Ensayo de citotoxicidad

La citotoxicidad se midió en un ensayo convencional de liberación de ^{51}Cr después de 4 ó 6 horas, según se describió previamente (Dohlsten et al., 1991). Las células humanas Colo205 o Raji se emplearon como células diana. Las células efectoras, bien líneas celulares T humanas reactivas a SEA o SEE o líneas celulares TCR V\beta22 se añadieron en la proporción efector a diana de 30:1. Las células diana marcadas con ^{51}Cr se emplearon en los ensayos de citotoxicidad a 2.500 células/200 ml de medio completo en pocillos microtitrados de fondo en V. Los híbridos C215Fab-SEA/E se añadieron a varias concentraciones según se indicó y la liberación de ^{51}Cr se midió en un contador g. El porcentaje de la citotoxicidad específica se calculó como 100 x [(liberación experimental de c.p.m - liberación de fondo de c.p.m.)/(liberación total de c.p.m. - liberación de fondo de c.p.m.)].
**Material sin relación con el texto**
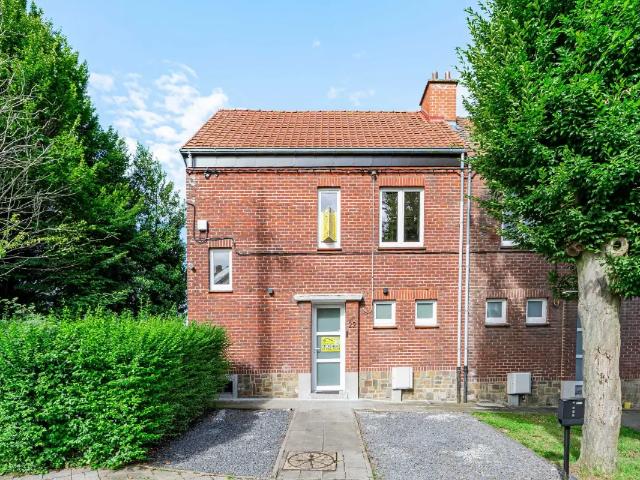 Maison vente à Charleroi, Wallonie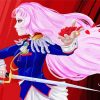 Utena Tenjou Anime Girl diamond painting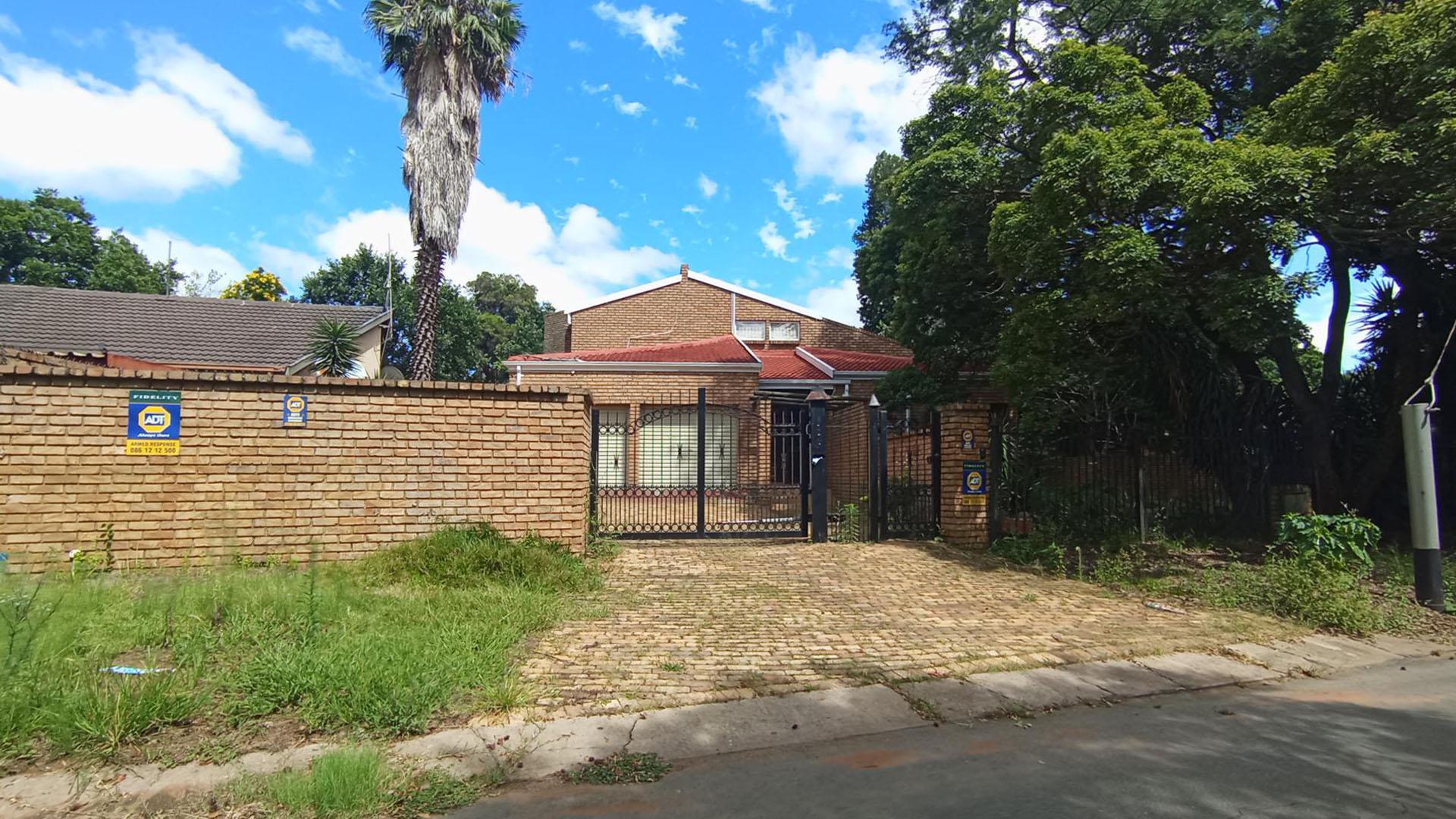 Front View of property in Kilner park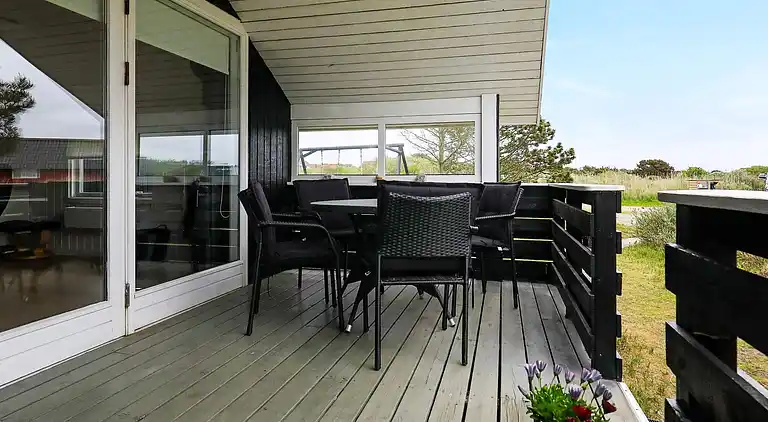 Casa vacanze in Rindby Strand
Ensayos de proliferación de linfocitos

Para medir la proliferación se incubaron a 37ºC 10^{5} células T respondedoras humanas con 10^{4} células estimuladoras irradiadas (20.000 Rad) en 200 ml de medio completo en placas de microtitración en U de 96 pocillos con diversas cantidades de los híbridos C215Fab-SEA/E durante 72 horas. La proliferación se estimó por incorporación de [^{3}H]-timidina, según se describió (Dohlsten et al., 1988).

Análisis de la producción de IL-2 inducida por Fab-SAg

Las células de hibridoma murino T-T (10^{5}) se incubaron en 200 ml de medio R completo con las proteínas quiméricas C215Fab-SEA/E en presencia de 2 x 10^{4} células estimuladoras Raji. Después de 48 horas, los sobrenadantes se recogieron y se analizaron en relación con la presencia de IL-2 murina. Brevemente, el contenido de citoquinas se analizó empleando el anticuerpo monoclonal de citoquina de rata anti-ratón como anticuerpos receptores. La IL-2 anti-ratón purificada de rata, la IL-2 anti-ratón de rata marcada con biotina, la rIL-2 se compraron de PharMingen (San Diego, CA). El anticuerpo monoclonal (mAb) anti-citoquina marcada con biotina, Vectastain ABC kit (Vector Laboratories, CA) y el kit del sustrato de peroxidasa (Bio-Rad Laboratories, CA) se emplearon para detectar las citoquinas. La absorbancia se determinó en un ImmunoReader NJ2000 (InterMed Roskilde, Dinamarca) a 405 o 450
nm.

Mutación de 5T4 Fab Construcción de un vector para expresar 5T4Fab-SEA en E. coli

Las partes que codifican para Fv de 5T4 se clonaron a partir del hibridoma 5T4, obtenido del Dr. Peter Stern (Stern et al., documento WO8907947). Con más detalle: el ADNc se fabricó a partir del ARNm; las regiones de los dominios variables enteros y partes de las secuencias señal, así como el primer dominio constante de la cadena pesada y el dominio constante de la cadena ligera se amplificaron por PCR. Los oligonucleótidos

5'-CAATTTTCTTGTCCACCTTGGTGC-3' (SEQ ID nº: 2) y

5'-ACTAGTCGACATGGATGGAGCTITATCATIyTCTT-3' (SEQ ID nº: 3)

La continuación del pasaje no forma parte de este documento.